# Anyone using a Harmony Remote with a 622 ?



## zer0cool (Nov 24, 2004)

After I got my XBOX360, I picked up a Harmony 360 Remote. It took a few calls, and about six hours to get it set up to control all my components correctly (Stereo receiver, HDTV, HDREceiver/DVD Player, and Dish 921 receiver), but after it was set up correctly, it works like a champ. One button to go from everything off to watching SAT, or watching DVD, or playing 360, or whatever.
I'm just hoping the 622 set up goes smoothly.


----------



## Ron Barry (Dec 10, 2002)

Someone mentioned somewhere that there actually is a profile already on the harmony site for the 622. I have a Harmony 880. Very happy with mine and I am not anticipating any issues with moving to a 622.

I would be suprised if there were.


----------



## zer0cool (Nov 24, 2004)

That's what I was hoping to hear. I didn't want to be the Guinea Pig for creating the 622 profile. Should be relatively painless if the profile is there.
The only issue I've had was getting my TV to "Jump" directly to HDMI from one of the other input sources. Had to program it to go to DVI and then move one up to HDMI. It jumps directly to the other inputs fine. (I'm using a DVI to HDMI adapter with my 921, so I don't know if that was keeping the HDMI port from being seen as active or not, since it skips inactive input options). Maybe the 622's true HDMI connection will help.


----------



## Bill R (Dec 20, 2002)

I already had my Harmony 880 set up for my 721. When I got my 622 I put it where the 721 was. I thought that I would have to set up my Harmony for the 622, but, to my suprise, it worked fine with the 721 setup. I just wish that Harmony would let us re-name devices.


----------



## Cardini (Aug 14, 2002)

I have a Harmony 659 set up with my 622. Works great.


----------



## steelhorse (Apr 27, 2004)

Bill R said:


> I already had my Harmony 880 set up for my 721. When I got my 622 I put it where the 721 was. I thought that I would have to set up my Harmony for the 622, but, to my suprise, it worked fine with the 721 setup. I just wish that Harmony would let us re-name devices.


You can rename devices with the 880. Just have to poke around in the setup pages. I did it with mine.
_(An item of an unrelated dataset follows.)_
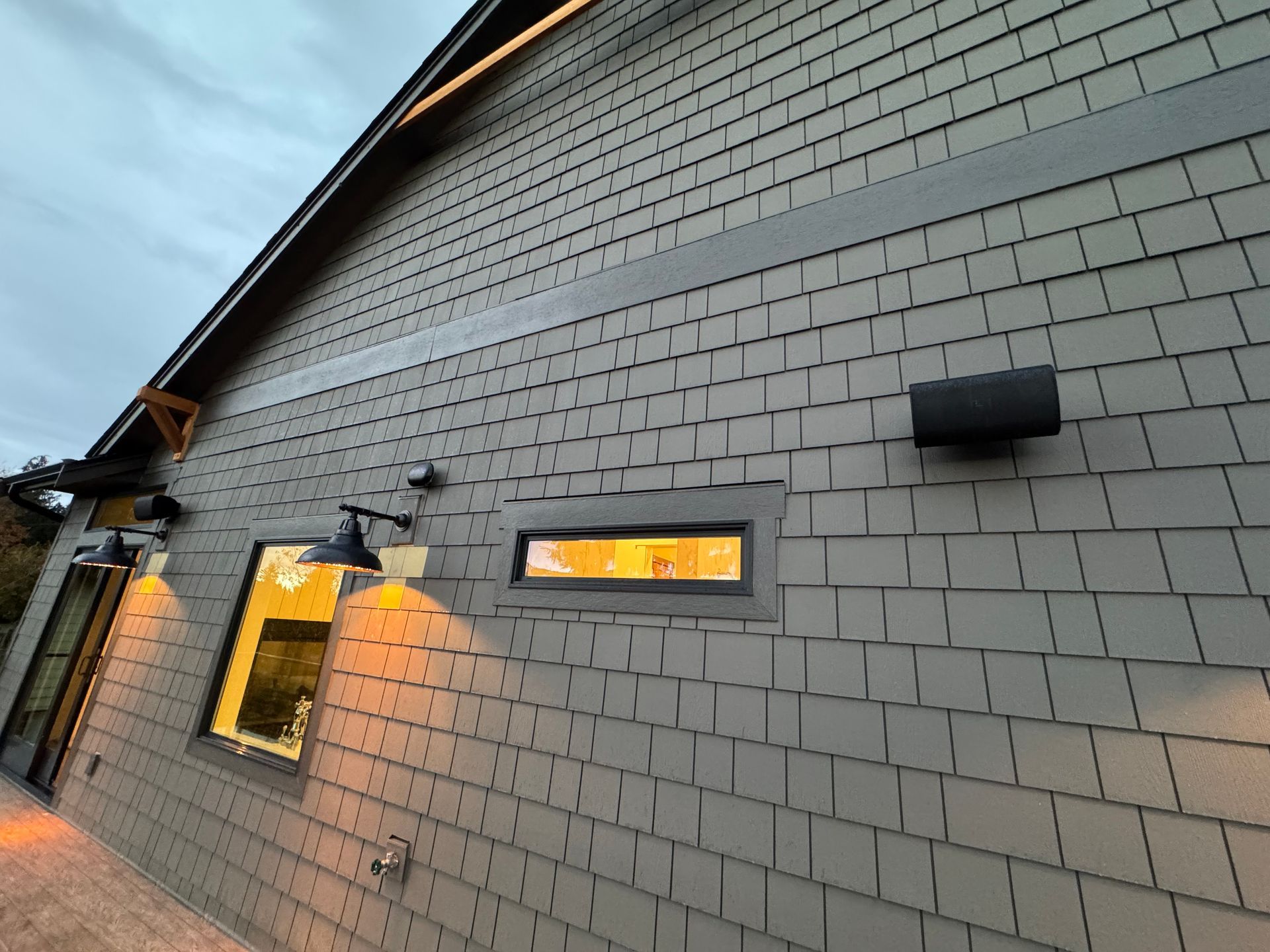 Completed Bonney Lake smart home exterior showing integrated black outdoor APs and matching speakers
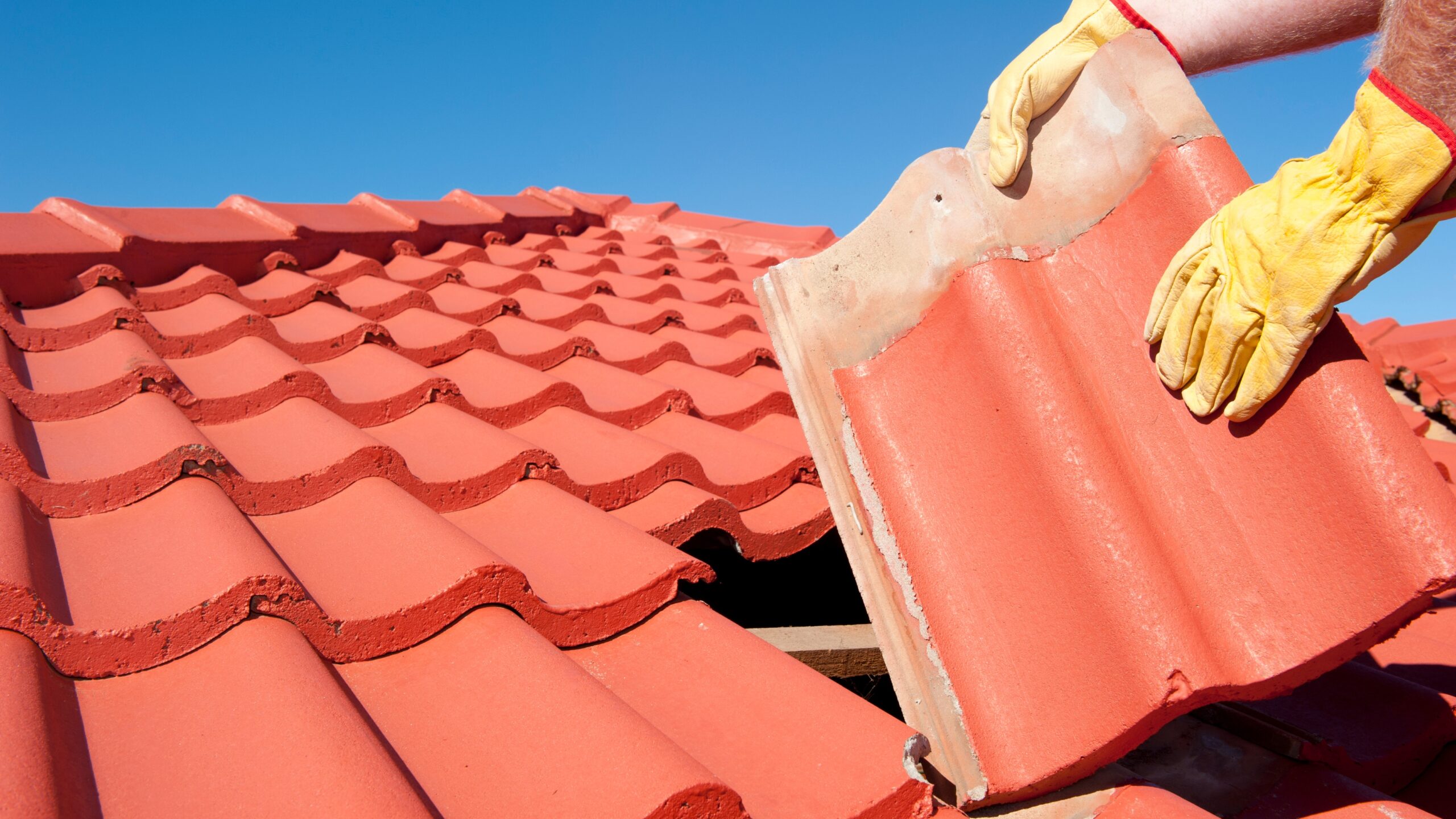 A roofer repairs a tile roof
Just don't remember where I found the page.


----------



## Bill R (Dec 20, 2002)

steelhorse said:


> You can rename devices with the 880. Just have to poke around in the setup pages. I did it with mine. Just don't remember where I found the page.


Thanks. I had not been to the Harmony site in a while. In their current software you can pick "more options" for the device, then "rename" to change the name of the device that is displayed on the remote.


----------



## liferules (Aug 14, 2005)

Yeah, I should have left my harmony set for the 522 DVR as it worked the same on the 622. I switched it and there are several buttons that are incorrectly programmed by the Harmony site, including the DVR button! I have to "relearn" it before I could reach my saved programs...They also don't have the "format" or "*" button which is pretty important, so I had to have it learn that one as well.
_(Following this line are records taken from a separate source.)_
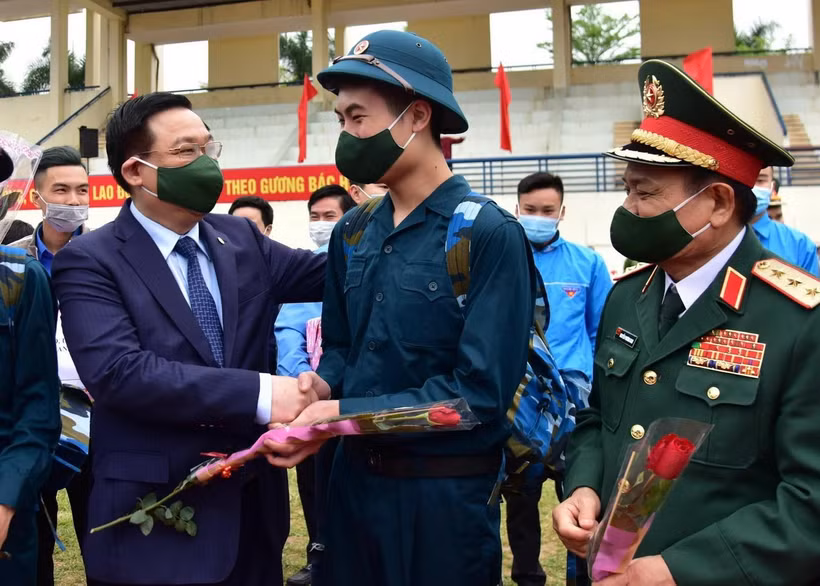 Bí thư Thành ủy Hà Nội Vương Đình Huệ tặng hoa, động viên các tân binh lên đường nhập ngũ. (Ảnh: TTXVN)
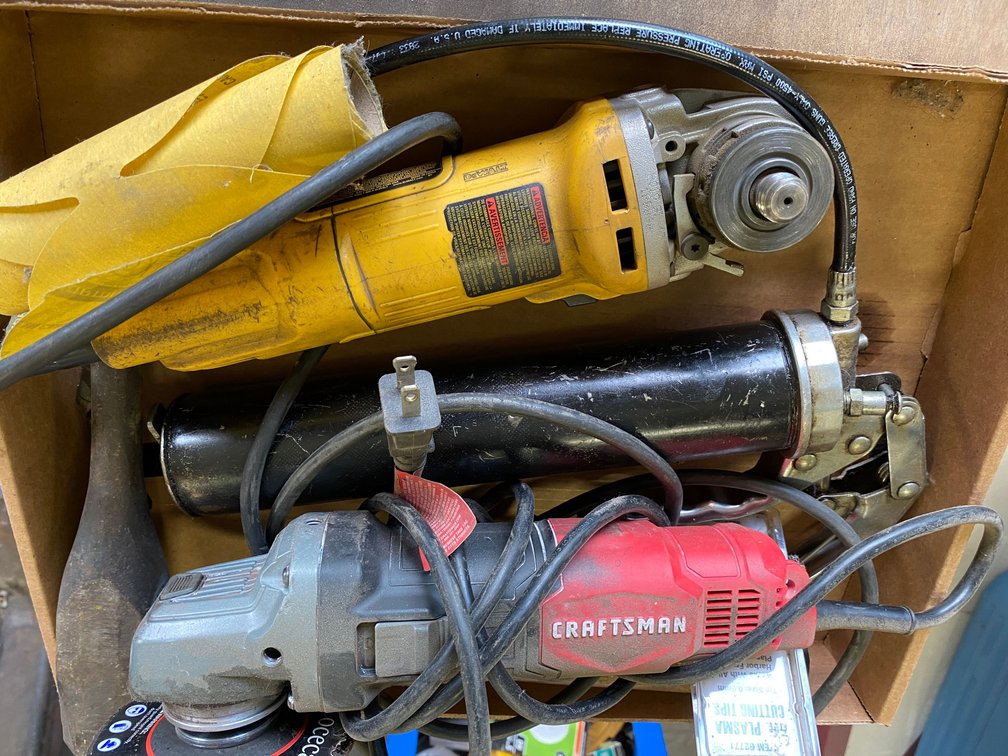 2 Fuel cans, a full can of motor mix for a trimmer, metal stand and some power tools, angle grinder and grease gun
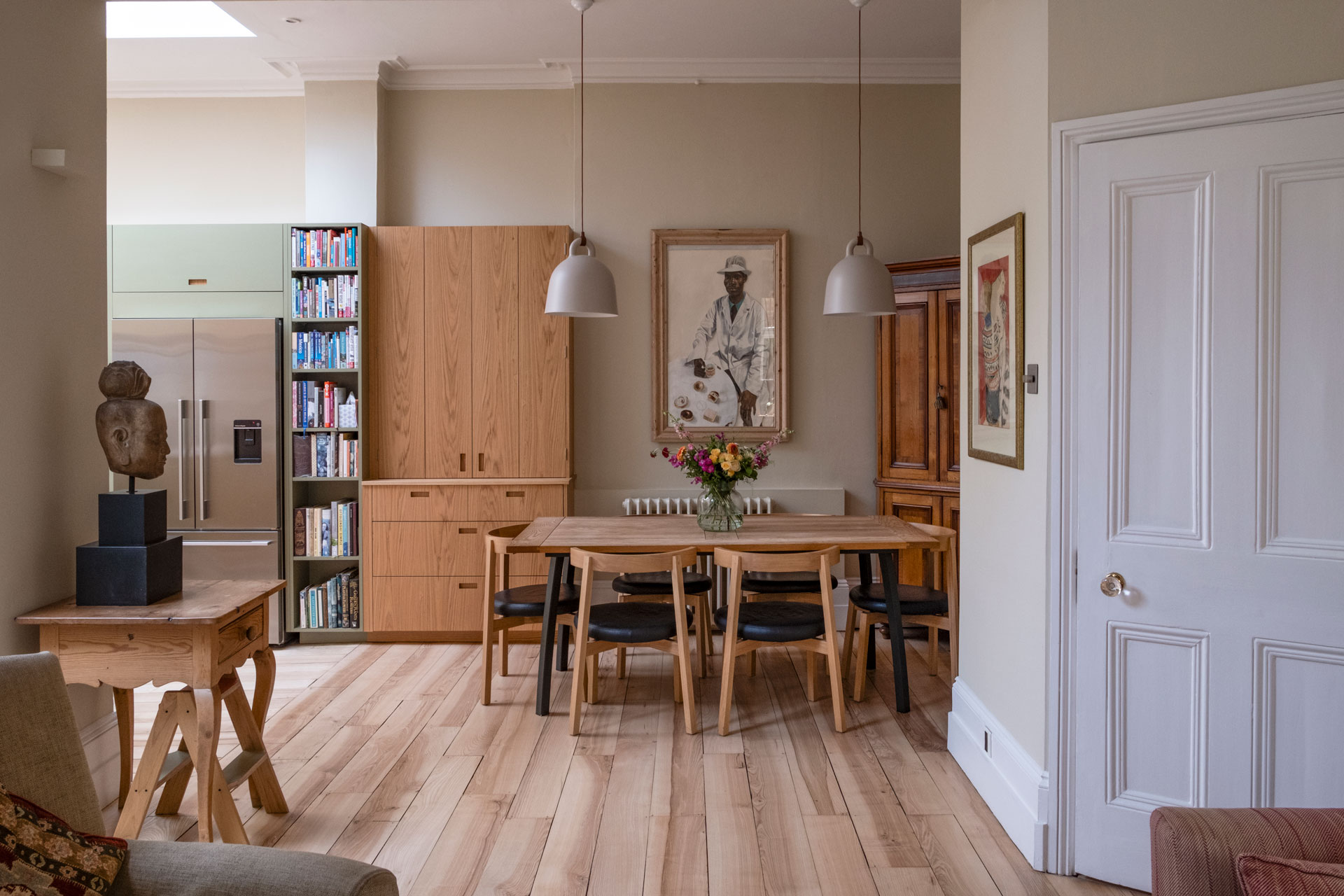 A Victorian home in Stockwell with Brockwell Moss green and oak wood cabinetry including a bi-fold cupboard.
Bottom line, it still needs refining, but is there.


----------



## zer0cool (Nov 24, 2004)

Yeah, I used the four XBOX buttons on my remote to manually map Guide, DVR, Format, and HD/SD on my 921 setup. If everything seems to work correctly, I may just keep that profile for my 622, as I'm used to where everything is.


----------



## chiefclerk (Apr 2, 2005)

Ron Barry said:


> Someone mentioned somewhere that there actually is a profile already on the harmony site for the 622. I have a Harmony 880. Very happy with mine and I am not anticipating any issues with moving to a 622.
> 
> I would be suprised if there were.


Ron,
Which of the Harmony 880 buttons provides access to the PVR, DVR?


----------



## Jason Nipp (Jun 10, 2004)

I have the DVR button setup as a additional function in the LCD area of the 880.


----------



## liferules (Aug 14, 2005)

chiefclerk said:


> Ron,
> Which of the Harmony 880 buttons provides access to the PVR, DVR?


I have one on the LCD extra area and also programmed the pound key to be "DVR", as it is easier to push with one hand...


----------



## chiefclerk (Apr 2, 2005)

Jason Nipp said:


> I have the DVR button setup as a additional function in the LCD area of the 880.


Jason:

Did you have to program the PVR function through the button customization process on the Harmony Remote site? It strikes me as odd that the standard 622 profile does not anticipate this requirement.

chiefclerk


----------



## liferules (Aug 14, 2005)

chiefclerk said:


> Jason:
> 
> Did you have to program the PVR function through the button customization process on the Harmony Remote site? It strikes me as odd that the standard 622 profile does not anticipate this requirement.
> 
> chiefclerk


The standard 622 profile has a DVR button, but remember that Harmony remotes are activity based...so the "watch TV" activity will need to be customized for the buttons you most use... If you chose "device mode" then chose the PVR and it is set up fairly well...


----------



## Ron Barry (Dec 10, 2002)

chiefclerk said:


> Ron,
> Which of the Harmony 880 buttons provides access to the PVR, DVR?


I also did what Jason did with my 921 and 721 setup. Created a LCD button to do the PVR. Also added one for DishHome


----------



## Chop-Chop (Mar 8, 2006)

My 622 works like a champ with the Harmony 659. I noticed some of the commands were missing like format for example (probably I got one of the first profiles) but one can just easily add/learn them if needed.


----------